Check your local environment

To harden / check your local DSM environment the following steps are suggested:

1. Implement the Zero Account Model
   • Store as few accounts as possible in the ICDB.
   • You can omit the installation account and depot access account if packages are installed using SYSTEM and network access carried out via the computer account (System -> Network Service -> Computer Account).
2. Check ICDBs for residual ciphertexts.
   • Run the following command to extract credentials from the config and check for ciphertexts that are not of type k6 or k7.

     [root@cw]$ strings NiCfg*.ncp | grep -i '^k' -A 1 -B 1
     

   • Due to the binary format, there is no guarantee that the account in the line before/after the k-value is actually the one bound to each ciphertext. It is a good indicator nevertheless. If in doubt, change the password for the account via the console and verify that the intended value changes in the config as well.
3. Rotate passwords and ensure usage of secure encryption schemes.
   • DSM should automatically use the secure encryption schemes when the password of an account that is not needed on the managed hosts is changed. Ensure that passwords are rotated and not just re-encrypted.
   • Rotate the passwords of all previously used accounts, including accounts listed in config backup files (NiCfg*.ba*), as encrypted values might still be found in log files/ICDB backups on formerly managed clients.
4. Verify ACLs and remove low-privileged users.
   • Verify that the ACL for the config folder is properly set on ALL depots. The ACL should be automatically set by the software but might have been changed manually.
   • Remove any low-privileged users from the ACL list.
5. Limit permissions and monitor accounts.
   • Ensure that the permissions of remaining accounts are strictly limited to their respective tasks.
   • Access to the DSM console should be treated as an equivalent to providing direct administrative privileges to all managed systems. Therefore, accounts with DSM console access should be explicitly protected and monitored.
   • Add SIEM rules to monitor the remaining accounts for unusual activity.

Notably, previous publications by the company SySS (SYSS-2019-019, SYSS-2015 - BSIDES and SYSS-2014-007) already addressed the topic of decryptable password blobs in the DSM configuration databases. We have tried to complement the existing research and distinguish the K-blobs that are secure from those that are not.

DSM RPC Analysis

In this section, we will explore the different RPC interfaces that are exposed by the DSM agent component. We will showcase two vulnerabilities (remote code execution and local privilege escalation) that were exploitable via RPC and that we reported to Ivanti. Both vulnerabilities have already been patched with the latest having being remediated over 20 months ago. We will also take a look at how credentials from the DSM management database (ICDB) can be decrypted via RPC.

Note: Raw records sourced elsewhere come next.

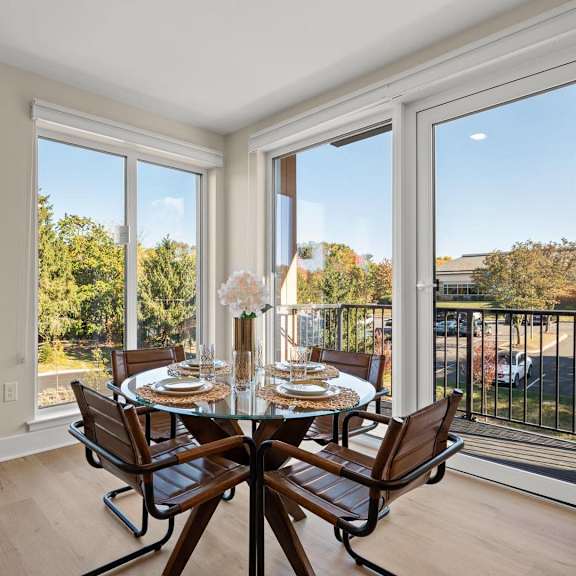bright dining area with large windows, a stylish table, and modern seating at hamilton at eagleview in exton, pa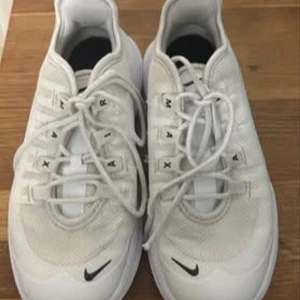 Nike Air Max vita sneakers - Fräscha vita Nike Air Max sneakers med svart swoosh på sidan och framtill. Skorna har snörning och en rund tå, samt en platt sula med tydligt Air Max-mönster undertill. Ovandelen är i mesh och syntet för skön ventilation och lätt känsla. Perfekta för dig som gillar sportig stil.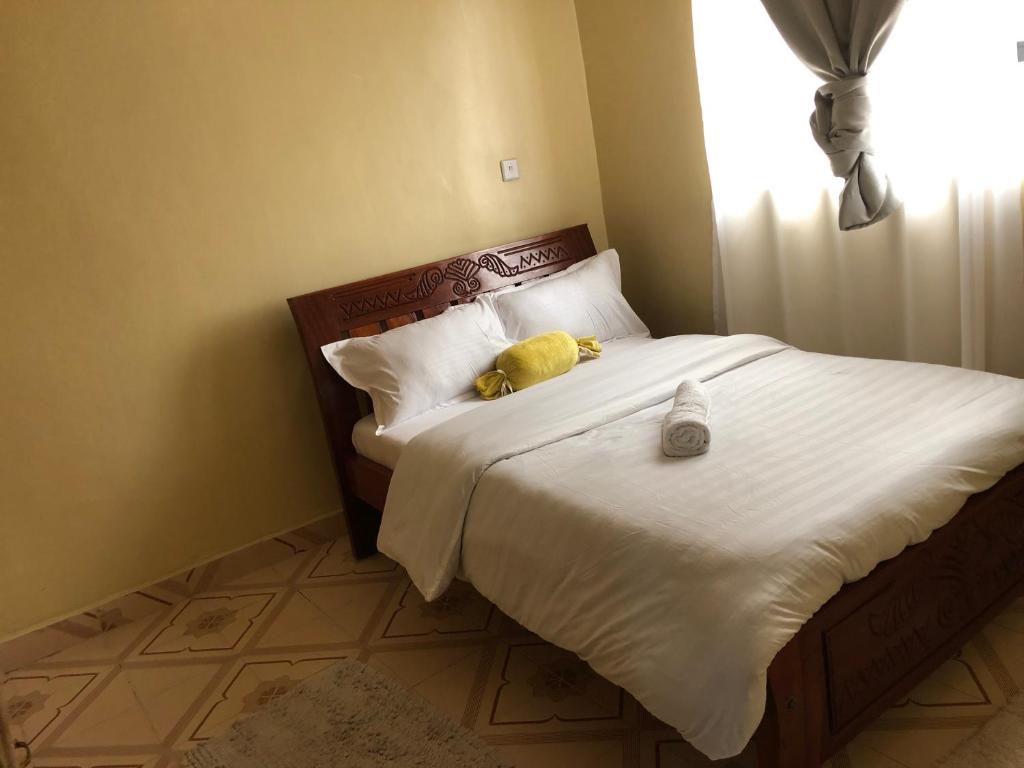 a bedroom with a bed with a stuffed animal on it at Mt zion penthouse in Lake View Estate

We have released tools related to this blog post on our GitHub Page which you can use to experiment with the RPC related techniques and vulnerabilities.

Foreword on Analyzing Microsoft RPC Interfaces

When it comes to analyzing RPC interfaces, RpcView has always been an indispensable tool. At the time of writing, however, the x86 security callback enumeration in RpcView contained a bug, which is important in this case as DSM RPC interfaces are exposed through 32bit processes. We therefore decided to use rpv-web which has the added advantage of providing a Ghidra integration to speed up the analysis.

This article does not provide a detailed introduction about Microsoft’s RPC technology nor how to analyze it from a security perspective. If you are not yet familiar with the technology we recommend some prior reading like Offensive Windows IPC Internals 2 by @0xcsandker or An Overview of MS-RPC and Its Security Mechanisms by Ben Barnea. That being said, the rest of this article can probably be followed without deeper understanding of RPC.

RPC Interfaces of DSM

Running rpv-web on a system with a DSM agent installed reveals that the process mgmtagnt.exe acts as an RPC server. The process exposes numerous RPC interfaces, whose code is mostly not located in the binary itself but in various DLLs found in the agent installation folder.

The set of RPC interfaces exposed is determined by the startup parameters. When running without any arguments, as is the case for the Windows Service Ivanti DSM Core Services, the following interfaces are available:

When starting mgmtagnt.exe with the additional command line argument /run=ersupext.dll, which is the case for the Windows Service Ivanti DSM Runtime Service, the following interfaces are available:

In a normal setup all managed hosts should run both services simultaneously.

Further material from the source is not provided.